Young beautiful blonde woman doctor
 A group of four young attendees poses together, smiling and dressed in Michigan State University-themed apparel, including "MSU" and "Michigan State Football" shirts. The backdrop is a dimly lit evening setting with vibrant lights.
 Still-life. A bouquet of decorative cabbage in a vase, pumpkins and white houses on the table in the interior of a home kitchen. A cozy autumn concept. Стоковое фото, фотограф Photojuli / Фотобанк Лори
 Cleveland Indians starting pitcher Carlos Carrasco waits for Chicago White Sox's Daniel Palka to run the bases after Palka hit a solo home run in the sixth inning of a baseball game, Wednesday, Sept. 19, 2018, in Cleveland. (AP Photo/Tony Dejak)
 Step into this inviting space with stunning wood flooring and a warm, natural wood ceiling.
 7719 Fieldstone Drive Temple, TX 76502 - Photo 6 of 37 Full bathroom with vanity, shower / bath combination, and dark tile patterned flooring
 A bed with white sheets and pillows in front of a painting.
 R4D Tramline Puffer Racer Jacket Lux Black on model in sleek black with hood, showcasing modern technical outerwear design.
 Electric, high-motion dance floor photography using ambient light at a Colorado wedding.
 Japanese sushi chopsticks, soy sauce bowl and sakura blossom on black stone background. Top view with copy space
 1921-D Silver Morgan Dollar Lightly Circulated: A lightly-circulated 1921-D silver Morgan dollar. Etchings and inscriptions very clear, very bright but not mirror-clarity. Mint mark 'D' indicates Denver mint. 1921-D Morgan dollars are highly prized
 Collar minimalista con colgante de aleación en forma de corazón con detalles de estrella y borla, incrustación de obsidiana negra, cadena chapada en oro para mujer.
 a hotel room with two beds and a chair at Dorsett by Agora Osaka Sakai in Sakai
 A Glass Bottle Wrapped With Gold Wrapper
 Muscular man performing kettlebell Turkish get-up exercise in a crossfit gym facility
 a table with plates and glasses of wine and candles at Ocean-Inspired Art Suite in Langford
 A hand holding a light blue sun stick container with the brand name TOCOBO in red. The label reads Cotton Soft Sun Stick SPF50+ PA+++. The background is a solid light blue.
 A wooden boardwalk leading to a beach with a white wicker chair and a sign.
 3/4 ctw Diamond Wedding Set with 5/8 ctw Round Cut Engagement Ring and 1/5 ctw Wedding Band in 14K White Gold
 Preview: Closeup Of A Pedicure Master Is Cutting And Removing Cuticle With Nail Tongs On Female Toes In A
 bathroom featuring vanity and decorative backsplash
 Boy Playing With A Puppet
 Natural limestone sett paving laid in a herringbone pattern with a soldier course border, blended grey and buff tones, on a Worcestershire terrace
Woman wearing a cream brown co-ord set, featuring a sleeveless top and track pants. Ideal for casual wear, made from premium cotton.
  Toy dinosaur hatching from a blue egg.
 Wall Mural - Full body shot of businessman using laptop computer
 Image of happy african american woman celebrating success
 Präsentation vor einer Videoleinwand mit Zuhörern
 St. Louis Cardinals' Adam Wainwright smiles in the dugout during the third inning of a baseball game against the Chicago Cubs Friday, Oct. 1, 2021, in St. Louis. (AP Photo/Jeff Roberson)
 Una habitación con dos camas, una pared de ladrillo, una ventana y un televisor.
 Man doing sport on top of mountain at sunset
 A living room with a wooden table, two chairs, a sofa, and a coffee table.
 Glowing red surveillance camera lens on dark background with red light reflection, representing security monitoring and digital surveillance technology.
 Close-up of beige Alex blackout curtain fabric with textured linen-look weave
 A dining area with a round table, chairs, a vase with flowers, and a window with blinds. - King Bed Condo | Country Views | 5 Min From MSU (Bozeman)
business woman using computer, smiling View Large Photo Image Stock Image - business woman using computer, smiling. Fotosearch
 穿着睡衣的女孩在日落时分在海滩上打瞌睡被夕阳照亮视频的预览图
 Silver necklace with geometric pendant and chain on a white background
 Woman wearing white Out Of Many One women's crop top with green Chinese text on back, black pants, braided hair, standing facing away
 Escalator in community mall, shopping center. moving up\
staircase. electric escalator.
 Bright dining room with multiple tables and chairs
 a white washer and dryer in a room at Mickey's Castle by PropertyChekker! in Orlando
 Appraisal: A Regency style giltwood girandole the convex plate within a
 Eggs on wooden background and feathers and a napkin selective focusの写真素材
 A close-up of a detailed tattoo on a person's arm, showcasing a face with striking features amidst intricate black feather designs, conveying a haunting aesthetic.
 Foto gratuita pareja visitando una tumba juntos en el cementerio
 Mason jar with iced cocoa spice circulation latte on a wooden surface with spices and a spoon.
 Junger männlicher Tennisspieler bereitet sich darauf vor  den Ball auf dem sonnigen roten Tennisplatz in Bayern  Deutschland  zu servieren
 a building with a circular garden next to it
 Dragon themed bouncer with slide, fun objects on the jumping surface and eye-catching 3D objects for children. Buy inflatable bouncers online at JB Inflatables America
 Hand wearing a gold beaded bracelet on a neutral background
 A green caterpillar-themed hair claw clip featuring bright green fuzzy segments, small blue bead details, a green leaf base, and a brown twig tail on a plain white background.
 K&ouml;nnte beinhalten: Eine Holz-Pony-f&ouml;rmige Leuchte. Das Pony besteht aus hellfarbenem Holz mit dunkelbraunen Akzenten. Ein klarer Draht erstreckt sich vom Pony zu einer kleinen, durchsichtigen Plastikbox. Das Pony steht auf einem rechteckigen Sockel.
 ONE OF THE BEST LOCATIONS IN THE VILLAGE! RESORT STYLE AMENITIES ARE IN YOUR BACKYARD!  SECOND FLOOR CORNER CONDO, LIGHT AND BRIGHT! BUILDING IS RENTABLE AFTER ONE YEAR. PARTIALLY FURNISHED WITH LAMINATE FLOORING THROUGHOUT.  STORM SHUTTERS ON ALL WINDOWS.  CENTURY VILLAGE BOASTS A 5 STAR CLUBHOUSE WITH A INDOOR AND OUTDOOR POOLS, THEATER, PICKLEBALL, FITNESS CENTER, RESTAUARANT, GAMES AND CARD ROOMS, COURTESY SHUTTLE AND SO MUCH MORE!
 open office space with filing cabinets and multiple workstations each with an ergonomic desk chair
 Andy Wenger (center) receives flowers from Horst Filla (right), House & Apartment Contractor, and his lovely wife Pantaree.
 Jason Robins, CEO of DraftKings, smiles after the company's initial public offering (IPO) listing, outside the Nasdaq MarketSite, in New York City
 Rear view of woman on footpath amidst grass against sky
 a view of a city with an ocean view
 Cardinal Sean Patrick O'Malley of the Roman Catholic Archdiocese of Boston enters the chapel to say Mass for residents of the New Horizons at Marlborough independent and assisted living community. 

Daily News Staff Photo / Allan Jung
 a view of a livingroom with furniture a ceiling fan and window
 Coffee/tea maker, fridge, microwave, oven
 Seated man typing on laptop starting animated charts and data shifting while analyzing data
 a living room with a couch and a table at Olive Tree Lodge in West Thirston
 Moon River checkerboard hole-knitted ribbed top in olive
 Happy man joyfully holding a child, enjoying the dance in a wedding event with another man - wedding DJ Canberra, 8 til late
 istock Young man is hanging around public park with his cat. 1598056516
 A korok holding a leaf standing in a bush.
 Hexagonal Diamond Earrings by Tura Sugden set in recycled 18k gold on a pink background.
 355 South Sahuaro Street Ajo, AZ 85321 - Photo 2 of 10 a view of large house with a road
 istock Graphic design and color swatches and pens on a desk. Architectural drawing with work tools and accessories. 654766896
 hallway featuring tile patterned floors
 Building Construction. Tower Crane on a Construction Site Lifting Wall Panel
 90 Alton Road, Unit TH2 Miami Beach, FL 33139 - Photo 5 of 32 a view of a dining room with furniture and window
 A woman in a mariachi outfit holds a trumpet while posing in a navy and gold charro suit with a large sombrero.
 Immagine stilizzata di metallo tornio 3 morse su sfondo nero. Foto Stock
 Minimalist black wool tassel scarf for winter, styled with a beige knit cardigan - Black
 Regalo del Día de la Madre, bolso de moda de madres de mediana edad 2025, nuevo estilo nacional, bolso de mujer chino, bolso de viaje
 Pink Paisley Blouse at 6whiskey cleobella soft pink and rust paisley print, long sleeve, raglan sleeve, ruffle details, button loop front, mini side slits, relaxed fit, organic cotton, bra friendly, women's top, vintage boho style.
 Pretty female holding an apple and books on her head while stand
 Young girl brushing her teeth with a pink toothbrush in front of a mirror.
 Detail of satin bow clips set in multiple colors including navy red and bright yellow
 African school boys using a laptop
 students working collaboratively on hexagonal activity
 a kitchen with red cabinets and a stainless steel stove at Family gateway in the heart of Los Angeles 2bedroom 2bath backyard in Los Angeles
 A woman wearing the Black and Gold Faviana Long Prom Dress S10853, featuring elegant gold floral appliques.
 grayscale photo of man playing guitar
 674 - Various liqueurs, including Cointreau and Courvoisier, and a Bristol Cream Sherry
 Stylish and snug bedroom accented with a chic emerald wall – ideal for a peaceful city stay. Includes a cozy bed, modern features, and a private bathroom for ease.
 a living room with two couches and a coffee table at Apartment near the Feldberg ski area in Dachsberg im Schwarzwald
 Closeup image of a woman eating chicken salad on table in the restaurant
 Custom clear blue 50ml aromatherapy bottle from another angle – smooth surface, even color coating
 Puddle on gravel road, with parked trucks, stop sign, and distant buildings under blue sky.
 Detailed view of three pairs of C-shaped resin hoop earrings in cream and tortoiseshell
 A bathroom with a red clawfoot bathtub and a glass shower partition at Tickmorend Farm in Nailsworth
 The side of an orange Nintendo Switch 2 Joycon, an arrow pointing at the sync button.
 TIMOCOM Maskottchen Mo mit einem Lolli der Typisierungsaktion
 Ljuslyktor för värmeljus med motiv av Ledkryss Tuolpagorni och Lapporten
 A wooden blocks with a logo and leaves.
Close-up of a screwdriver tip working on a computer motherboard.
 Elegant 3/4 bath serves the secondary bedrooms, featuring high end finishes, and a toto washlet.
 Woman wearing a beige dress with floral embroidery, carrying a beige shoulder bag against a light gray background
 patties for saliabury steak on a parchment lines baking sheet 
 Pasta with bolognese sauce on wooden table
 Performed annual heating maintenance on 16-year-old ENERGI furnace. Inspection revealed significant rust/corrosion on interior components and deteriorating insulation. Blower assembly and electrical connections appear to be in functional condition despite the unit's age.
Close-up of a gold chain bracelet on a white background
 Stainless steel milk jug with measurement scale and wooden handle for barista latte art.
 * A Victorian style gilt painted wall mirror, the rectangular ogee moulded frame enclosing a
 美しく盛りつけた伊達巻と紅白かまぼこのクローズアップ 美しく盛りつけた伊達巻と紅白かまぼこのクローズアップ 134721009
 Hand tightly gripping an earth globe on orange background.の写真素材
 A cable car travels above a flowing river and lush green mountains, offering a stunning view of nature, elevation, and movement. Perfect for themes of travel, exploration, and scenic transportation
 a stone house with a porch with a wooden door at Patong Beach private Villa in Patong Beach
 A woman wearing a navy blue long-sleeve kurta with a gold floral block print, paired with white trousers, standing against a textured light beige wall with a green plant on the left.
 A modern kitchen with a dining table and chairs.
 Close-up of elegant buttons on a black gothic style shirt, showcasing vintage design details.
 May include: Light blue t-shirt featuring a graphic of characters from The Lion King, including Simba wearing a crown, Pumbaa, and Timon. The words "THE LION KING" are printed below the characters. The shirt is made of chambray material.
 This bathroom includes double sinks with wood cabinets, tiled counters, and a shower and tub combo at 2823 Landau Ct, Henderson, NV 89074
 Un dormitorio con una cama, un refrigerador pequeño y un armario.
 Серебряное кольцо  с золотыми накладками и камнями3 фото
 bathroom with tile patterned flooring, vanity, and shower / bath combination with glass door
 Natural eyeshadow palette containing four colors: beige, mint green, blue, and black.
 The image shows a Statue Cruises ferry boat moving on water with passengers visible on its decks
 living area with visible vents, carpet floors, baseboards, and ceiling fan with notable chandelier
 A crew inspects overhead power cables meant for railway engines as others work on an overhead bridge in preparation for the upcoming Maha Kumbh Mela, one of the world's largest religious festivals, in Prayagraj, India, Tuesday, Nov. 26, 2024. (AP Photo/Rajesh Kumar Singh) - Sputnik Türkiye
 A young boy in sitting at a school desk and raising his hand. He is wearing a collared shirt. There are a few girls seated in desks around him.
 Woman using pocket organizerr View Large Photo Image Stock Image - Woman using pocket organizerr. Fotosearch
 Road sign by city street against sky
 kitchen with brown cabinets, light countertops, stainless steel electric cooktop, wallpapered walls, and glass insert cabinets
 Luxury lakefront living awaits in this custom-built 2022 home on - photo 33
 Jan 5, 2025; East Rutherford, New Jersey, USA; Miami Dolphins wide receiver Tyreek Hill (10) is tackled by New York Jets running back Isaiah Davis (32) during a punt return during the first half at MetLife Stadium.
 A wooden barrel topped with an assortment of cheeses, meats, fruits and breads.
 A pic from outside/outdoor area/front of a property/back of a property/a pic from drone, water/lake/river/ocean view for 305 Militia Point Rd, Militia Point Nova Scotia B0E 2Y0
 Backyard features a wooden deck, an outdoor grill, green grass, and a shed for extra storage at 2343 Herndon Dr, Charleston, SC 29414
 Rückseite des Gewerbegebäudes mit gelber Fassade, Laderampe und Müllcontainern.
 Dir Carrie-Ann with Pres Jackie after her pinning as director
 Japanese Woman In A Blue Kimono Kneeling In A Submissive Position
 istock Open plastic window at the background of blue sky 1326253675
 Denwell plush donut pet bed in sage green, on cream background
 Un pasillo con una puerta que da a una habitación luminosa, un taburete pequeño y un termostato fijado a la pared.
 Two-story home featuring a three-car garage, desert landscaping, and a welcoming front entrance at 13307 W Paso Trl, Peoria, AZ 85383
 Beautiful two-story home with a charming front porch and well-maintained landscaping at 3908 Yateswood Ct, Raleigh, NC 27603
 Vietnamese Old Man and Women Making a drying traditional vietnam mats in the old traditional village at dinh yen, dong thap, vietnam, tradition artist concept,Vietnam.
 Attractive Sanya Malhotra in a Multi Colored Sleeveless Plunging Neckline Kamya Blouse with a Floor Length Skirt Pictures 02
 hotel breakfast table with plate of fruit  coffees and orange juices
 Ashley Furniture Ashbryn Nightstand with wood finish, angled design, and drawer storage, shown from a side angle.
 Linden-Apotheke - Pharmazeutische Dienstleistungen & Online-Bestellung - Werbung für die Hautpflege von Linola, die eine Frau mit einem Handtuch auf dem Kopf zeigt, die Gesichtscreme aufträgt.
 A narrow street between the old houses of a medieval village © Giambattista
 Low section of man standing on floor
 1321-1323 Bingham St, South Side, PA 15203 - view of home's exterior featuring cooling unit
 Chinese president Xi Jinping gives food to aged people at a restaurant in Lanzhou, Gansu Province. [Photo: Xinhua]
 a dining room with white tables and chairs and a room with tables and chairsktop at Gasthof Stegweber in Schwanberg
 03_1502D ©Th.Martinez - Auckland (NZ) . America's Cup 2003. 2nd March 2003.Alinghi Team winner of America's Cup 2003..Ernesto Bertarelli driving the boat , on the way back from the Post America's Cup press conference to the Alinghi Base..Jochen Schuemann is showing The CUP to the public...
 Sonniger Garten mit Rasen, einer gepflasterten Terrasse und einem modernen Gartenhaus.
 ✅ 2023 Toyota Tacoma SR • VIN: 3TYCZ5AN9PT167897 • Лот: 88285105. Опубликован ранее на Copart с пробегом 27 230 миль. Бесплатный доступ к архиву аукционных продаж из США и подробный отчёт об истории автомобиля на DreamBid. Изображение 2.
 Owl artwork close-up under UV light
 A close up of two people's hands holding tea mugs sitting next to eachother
______________________________
Reproduce only the lines above, starting at the line with "Natural eyeshadow palette" and ending at the line with "living area with", exactly as written.

**EXPECTED OUTPUT**
 Natural eyeshadow palette containing four colors: beige, mint green, blue, and black.
 The image shows a Statue Cruises ferry boat moving on water with passengers visible on its decks
 living area with visible vents, carpet floors, baseboards, and ceiling fan with notable chandelier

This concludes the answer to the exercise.